Todos temos de nos atualizar [sic] neste setor [sic] ou seção [sic] da língua portuguesa. Aqueles que gostam de futebol sempre podem esquecer estas dificuldades e ir ver a seleção [sic] a brincar ao bola-pé, como lhe chamava o nosso imenso Pascoaes; bom, no fim, no fim, agora até será mais fácil escrever, é quase só uma questão de subtração [sic] de letras. A menos que o leitor seja muito suscetível [sic] a estas questões de letras e outras coisas afins. Enfim, mas eu devo ser, como o António Carlos Carvalho, apenas um ultrarromântico [sic] ultrapassado que continua a achar que toda a volutuosidade [sic] da nossa língua se vai perdendo, deste modo, em secura agreste.

1 comentário:

  1. Oportuno, como sempre, o Pedro Sinde diz no seu artigo o seguinte: «se passarmos a tendencialmente escrever como falamos, vamos omitir letras que nos ajudavam a identificar a etimologia da palavra. (…) Se não soubermos a etimologia das palavras, não saberemos o que estamos a dizer quando dizemos, desconheceremos a sua origem, a nossa história, a nossa memória. Este acordo é em tudo contra a etimologia, porque privilegia a oralidade (haveria, de resto, que perguntar qual oralidade, porque cada um destes países tem uma oralidade maravilhosamente diversa).»

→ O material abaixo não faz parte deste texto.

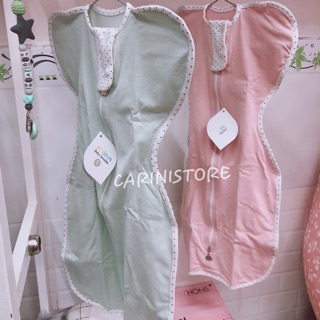 Túi ngủ bé sơ sinh Hàn Quốc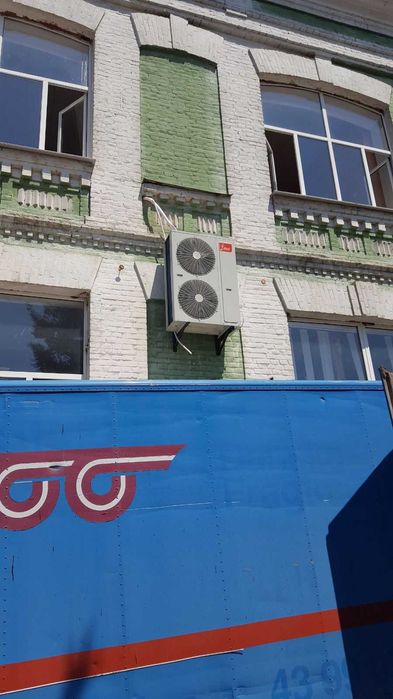 Кондиціонери/ Теплові насоси: Продаж, монтаж, сервіс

    Temos assim duas faces da mesma “moeda, e na complexa fixação e evolução da Língua elas influenciam-se continuamente. Porém – destaque-se – em níveis diferentes. Diz Pessoa «A linguagem falada é natural (itálico), a escrita civilizacional (itálico). A linguagem falada é momentânea (itálico), a escrita duradoura (itálico)».
    Na influência recíproca da oralidade e da escrita, sabemos que a primeira, num processo lento e natural – como também acentuou o Pedro Sinde – influencia a palavra escrita, fixando nesta determinados termos e expressões. Mas deve ser um processo natural, e não com acordos assinados à maneira dos políticos. Então, a palavra escrita, pela pena dos seus cultores, fixa, com o tempo, o que de melhor e mais significativo colhe da experiência do falar popular. Mas, curiosamente, até neste campo pode haver níveis diferentes. Vejamos dois exemplos. O primeiro o de um escritor que utiliza uma linguagem excessivamente regionalista de expressões e termos próprios, típicos de um falar do povo, e que, podendo conter certa riqueza linguística, a sua escrita poderá não ter um cunho e um perfil desejável, no sentido de ser universal - tendência de qualquer grande Arte. O outro exemplo pode ser o de Camões que fixa na escrita de «Os Lusíadas», nos que anseiam a aventura e na figura de negação que é o Velho do Restelo, o significado essencial de Urano e Saturno (movimento contra a inacção; revelação contra a cristalização; destemor contra o medo); ou então o exemplo de Pessoa quando escreve «Ó mar salgado, quanto do teu sal/ são lágrimas de Portugal!» Repare-se no quanto de SENTIMENTO E VIVÊNCIA SECULAR DE UM POVO E DE UMA PÁTRIA (por isso universal o poema) ESTÃO CONTIDOS nos verso pessoano! O poeta extrai e fixa, na escrita, a quintessência da alma de um povo.
    Resumindo: a simplificação simplista (seja-me perdoada a expressão) da ortografia do acordo apagará, no futuro, a memória da evolução (natural) da Língua. É claro que este acordo ortográfico está na corrente do mundo, a da “formatação de tudo”. Pessoa tinha razão e por isso alertou. O acto social que é o da palavra falada (pese embora o que possa ter de cultural de permeio) e pese ainda o facto da actual massificação da gravação da voz humana, é sempre o episódio quotidiano, como, mais ou menos, é o jornal diário no plano da literatura, salvo os tradicionais cadernos próprios (que já não existem), ou como é a linguagem de um contrato comercial que, no que refere, confere exactidão, mas não civilização!
    Ainda quanto à escrita - por só ficar o melhor do melhor para o futuro longínquo - é que Faguet se referiu à concisão como a condição necessária para passar a salvo de todas as mudanças na história. Mas há que meditar no facto de a memória da vida (que as palavras encerram) poder ser interrompida. Isto anda a par, pelo menos em Portugal, da pressa que se tem verificado em «repor a história», que mais não é do que fazer a história da actualidade CONTRA o que não é actualidade. Tudo isto facilita assim o que de tempos a tempos acontece: o aparecimento (a par mas subtilmente afastando os que sabem,) de muitos dispostos a “educar as massas”(!).